Table of Contents
Dagger evaluates file dependencies in a directed-acyclic-graph (DAG) like GNU make, but timestamps or hashes can be enabled per file. This allows you to use fast timestamp comparisons with large files, and hashing on small files. When hashing is used, it’s stored in a simple 2 column text file with filename,hash per line or in a sqlite database. Dagger can be used as a building block for a larger build system that is serial or parallel.
Dagger is written in Python to make it portable and extensible. It’s graph evaluation engine is non-recursive, so it can handle very deep dependency paths.
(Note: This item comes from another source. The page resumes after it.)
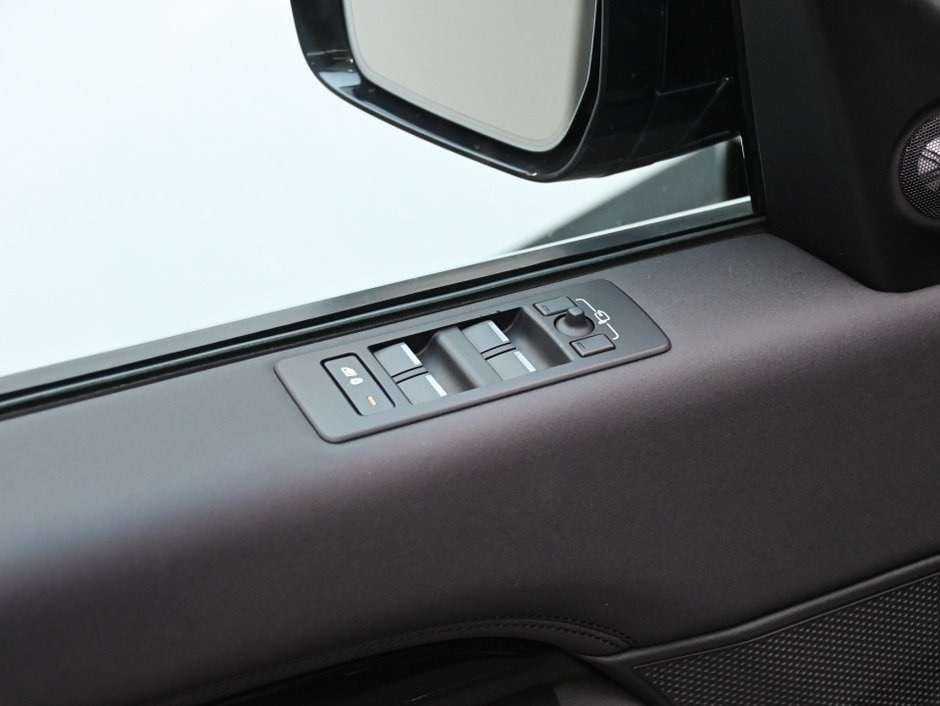2023 Land Rover Discovery P360/5 YRS 160KM CPO INCLUDED!!!! thumb 12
A benchmark tool (see below) is available to test and visualize complex graphs, and demonstrates using 1 million files.
Let’s create a small graph that looks like this:
>>> # Create some empty test files.
>>> import os
>>> os.system('touch 1 2 3 4 5 6 7')
>>> import dagger
>>> dag = dagger.dagger()
>>> # Add nodes and others they depend on.
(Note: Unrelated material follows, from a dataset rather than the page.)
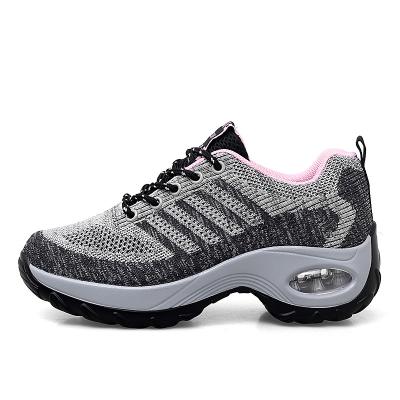 China Fashion Trend Summer New Running Shoes Manufacturers Lead Soft-Soled Comfortable Sports Shoes Tennis Women Casual Shoes for sale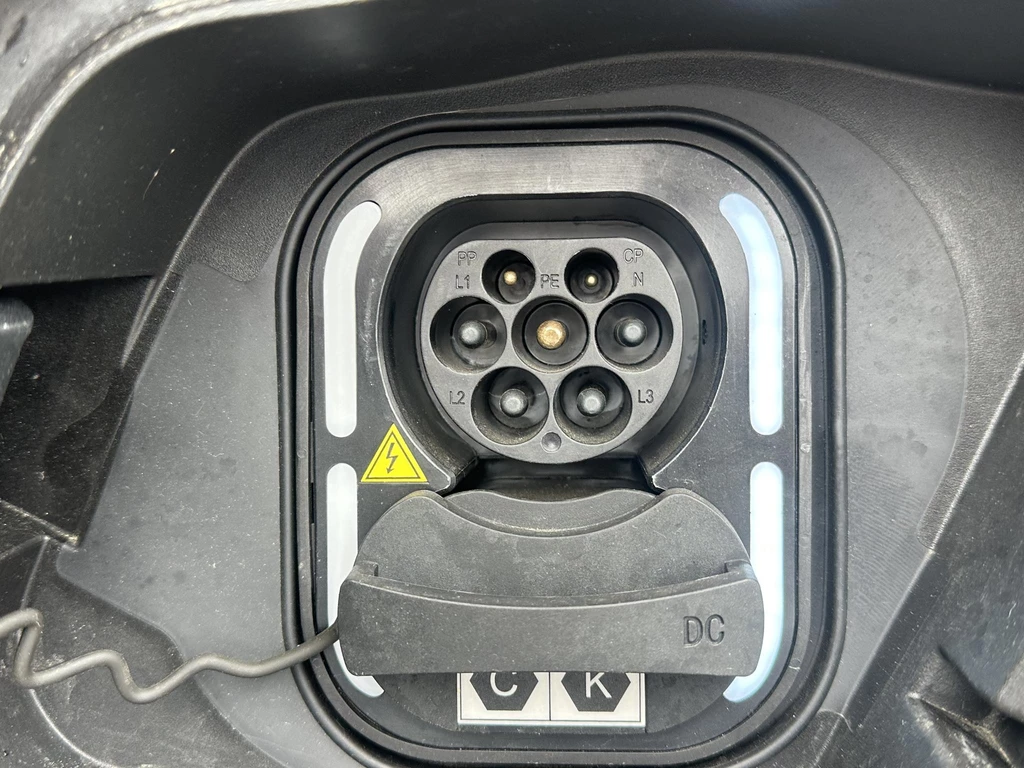  https://morgenlease.images.ilsa.cloud/e014a0e4-7895-4ab5-9637-04cb0333b297.webp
>>> dag.add('1', ['2','3'])
>>> dag.add('3', ['4','5'])
>>> dag.add('6', ['3','7'])
>>> # Force this node to be old, and all its dependent parents.
>>> dag.stale('4')
>>> # Evaluate the graph.
>>> dag.run()
>>> # Export for visualizing.
>>> dag.dot('example.dot')
>>> # Get iterator.
>>> it = dag.iter()
>>> # See how many items there are in total.
>>> print len(it)
4
>>> # Get next 2 files we can process in parallel.
>>> todo = it.next(2)
>>> print todo
['4']
>>> # Only one is returned because other nodes depend on it.
>>> # Pretend we finished first task, so remove it and get next 2.
>>> it.remove('4')
>>> todo = it.next(2)
>>> print todo
['3']
>>> # We still get single item because 6 & 1 depend on 3.
>>> it.remove('3')
>>> todo = it.next(2)
>>> print todo
['1','6']
>>> # We finally get two independent items.
# On a system with PIP installed.
$ pip install -U dagger
# If PIP is not available, you can use a source distribution.
$ tar zxvf *dagger*.tgz
$ cd *dagger*
$ sudo python setup.py install
# For Windows, download and run the binary installer from PYPI.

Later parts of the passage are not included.